If early analysis found that the vaccine was convincingly effective at reducing infections in that small sample size, the trial could be stopped and the company could apply for an EUA. But although it would be possible to show that the vaccine works well enough to meet the FDA’s standard at that early stage, it would not allow for long-term follow-up to assure the vaccine’s safety, says Viele. Three months is also too short to get a good sense of how long immunity from the vaccine lasts, he notes. Pfizer did not respond to questions about the rationale behind its clinical-trial design, or whether it plans to continue safety monitoring if a trial is stopped early.

It will be crucial for the company to continue collecting safety data even if the trial is stopped early, and to make safety data available to reassure a worried public, says Viele.

The FDA is rumoured to be beefing up its EUA process for COVID-19 vaccines. The agency will soon require a level of data closer to that of a normal approval than it has for its previous COVID-19 EUAs, according to a 22 September report in The Washington Post. The FDA declined to comment on the specifics of the news story, but Trump has already said that he might block such measures.

Nachlis also notes that an external FDA advisory board is likely to discuss a vaccine in a public hearing, making the deliberations more transparent than for the previous EUAs. “We need to increase the robustness of the stringency and transparency,” he says. “And I think there’s been substantial movement on that front.”

Vaccine goals and efficacy

Even if regulators do approve the three front-runner vaccines, researchers warn that the jabs might not do what the public expect.
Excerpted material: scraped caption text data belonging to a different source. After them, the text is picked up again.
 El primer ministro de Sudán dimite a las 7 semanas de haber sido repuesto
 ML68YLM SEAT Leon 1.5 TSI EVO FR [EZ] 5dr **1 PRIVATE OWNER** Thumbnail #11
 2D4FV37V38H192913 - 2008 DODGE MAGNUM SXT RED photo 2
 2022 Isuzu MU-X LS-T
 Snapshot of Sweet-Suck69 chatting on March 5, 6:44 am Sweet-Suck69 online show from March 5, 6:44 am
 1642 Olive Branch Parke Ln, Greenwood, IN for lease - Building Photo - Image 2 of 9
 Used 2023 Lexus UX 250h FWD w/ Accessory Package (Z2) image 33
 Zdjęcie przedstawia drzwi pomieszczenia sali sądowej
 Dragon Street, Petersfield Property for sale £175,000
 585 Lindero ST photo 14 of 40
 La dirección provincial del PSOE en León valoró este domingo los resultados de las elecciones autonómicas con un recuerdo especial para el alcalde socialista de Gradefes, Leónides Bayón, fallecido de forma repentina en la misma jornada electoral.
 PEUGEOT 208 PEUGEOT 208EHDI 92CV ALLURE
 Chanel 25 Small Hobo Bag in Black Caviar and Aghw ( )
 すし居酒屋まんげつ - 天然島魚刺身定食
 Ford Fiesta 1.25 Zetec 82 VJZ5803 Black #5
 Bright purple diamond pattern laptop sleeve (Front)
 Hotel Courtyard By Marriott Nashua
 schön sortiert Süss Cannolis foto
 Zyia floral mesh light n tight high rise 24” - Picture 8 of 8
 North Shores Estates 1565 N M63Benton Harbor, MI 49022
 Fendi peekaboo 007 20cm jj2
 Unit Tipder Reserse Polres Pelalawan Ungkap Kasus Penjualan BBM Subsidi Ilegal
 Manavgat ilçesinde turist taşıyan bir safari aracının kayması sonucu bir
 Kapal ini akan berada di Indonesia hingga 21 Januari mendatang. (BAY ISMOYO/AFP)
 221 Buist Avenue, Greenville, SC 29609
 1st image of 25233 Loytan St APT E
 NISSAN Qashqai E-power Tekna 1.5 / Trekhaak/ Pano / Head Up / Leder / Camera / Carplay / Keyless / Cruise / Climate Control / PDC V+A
The AstraZeneca, Pfizer and Moderna protocols revealed that the trials are designed to test whether the vaccines reduce cases of symptomatic COVID-19, not cases of severe disease, such as those that require hospitalization and can end in death.

MacIntyre and other researchers say it would have been better to test whether the vaccines reduced severe disease and death. If a jab can successfully reduce the risk of serious complications, then the virus would have a similar effect on vaccinated people as the common cold, she says.

The current phase III trials are each enrolling several tens of thousands of participants. But a trial that tried to establish whether a vaccine reduces incidence of severe COVID-19 would need more — and so would take more time, says Thomas Lumley, a biostatistician at the University of Auckland in New Zealand. The current trials chose a middle path between establishing whether vaccines prevent any infection with the virus and testing whether they prevent severe infection, he says.

The companies are aiming for the vaccines to stop at least 50% of vaccinated people getting symptomatic COVID-19, the definition of success in the FDA guideline, but they are hoping for an efficacy of 60% or greater.

But even 60% would not be enough to reach herd immunity, in which enough of the population has vaccine-derived immunity to stop the disease spreading, says Lumley. To achieve that goal, a vaccine would have to be at least 80% effective to account for the fact that not everyone in the population will receive it, says MacIntyre.

Still, vaccinating a large portion of the population with one of these jabs would go a long way to controlling the spread of the virus if used with other interventions, such as wearing masks and contact tracing, says Lumley. “A modestly effective vaccine would be a really big help,” he says.